It bothers me that many conservatives think that the UN is irrelevant without the US. If the US fails to remain engaged with the UN it will hurt the US in the eyes of the world, and the UN will end up being a de facto coalition claiming to oppose US imperialism. Enough countries will find it in their best interest to go along with this facade that the global standard of legitimate international behavior could end up being set by China or by a coalition of major powers hostile to US interests. US power is not a law of nature. It is contingent and it could be destroyed if a large enough segment of the community of nations decided to act together to do it.
“If the US fails to remain engaged with the UN it will hurt the US in the eyes of the world, and the UN will end up being a de facto coalition claiming to oppose US imperialism.Enough countries will find it in their best interest to go along with this facade that the global standard of legitimate international behavior could end up being set by China or by a coalition of major powers hostile to US interests.”
That is what the UN is NOW. That is what the UN is even under someone like Clinton.
Personally I think Bush should have given up on Bolton. The recess appointment wasn’t necessary. Probably just as well to let the UN seat go empty for a six months. Wasting political capital on Bolton is stupid.
That said, quite a few people around here have a deeply mistaken idea about what the UN actually is, and that is making the debate about Bolton look really stupid.
CB:
If that were true, Hil, why did Senate Democrats filibuster?
Drill a hole in your skull and insert these facts — the Bush administration refused to release documents that Dems and some Repubs thought very material to consideration of Bolton’s nomination. The Dems made it clear that Bolton would get his vote if the documents were delivered — there was never a filibuster in the true sense of the word. The Dems did refuse to proceed to a vote without the documents — hardly a “filibuster” as you like to misuse the word. Bush chose to stonewall, and then performed a recess appointment at the first opportunity.
During the stonewall period, more ugly facts developed about Bolton, creating further questions as to the nomination. A vote would have been very interesting. Again, Bush chose the recess apopointment instead of full disclosure and a Seante vote.
But I imagine you’ll stick with your fantasy version of events — facts being so inconvenient.
That is what the UN is NOW. That is what the UN is even under someone like Clinton.
What is it with this bizarre conservative fantasy that the UN is this implacable foe of the United States? Perhaps Sebastien could enlighten on the many sanctions regimes the UN has hoisted on the US?
That said, quite a few people around here have a deeply mistaken idea about what the UN actually is
Quite a few people make statements like these: condemning without informing.
“The Iran connection still makes no sense to me.”
Look, if we nuke Iran we are NOT starting WWIII. Russia will not join Iran militarily, China will not seize the opportunity to grab Taiwan, Pakistan will not provide nuclear aid to its Muslim brother. Because they will understand how the madmen in the Whitehouse will respond.

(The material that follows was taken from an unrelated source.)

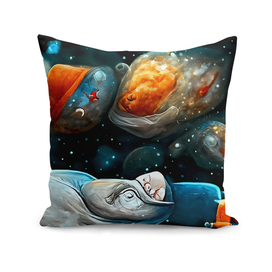 Sleeping in the universe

The old consensus out of Nuremberg and the Hague and Bretton Woods is dead, perhaps killed by Bushco, perhaps simply a facade all along. The Steve Clemons and other State dudes will learn that persuasion is a joke, that cooperation based on ideals is a lie, that the moral highground is uninhabited, that power and force is all that matters and has ever mattered. Bush and Cheney will teach them the world of Strauss and Thucydides.
So the world response will be diplomatic and economic. And Bolton will be the dude to tell Canada to rethink its vote on sanctions.
Diplomacy will become war by other means.
The point is not the actual attack on Iran. I doubt Bush will give much warning, time for Iran to bury and hide its facilities, time for coalitions to form against us.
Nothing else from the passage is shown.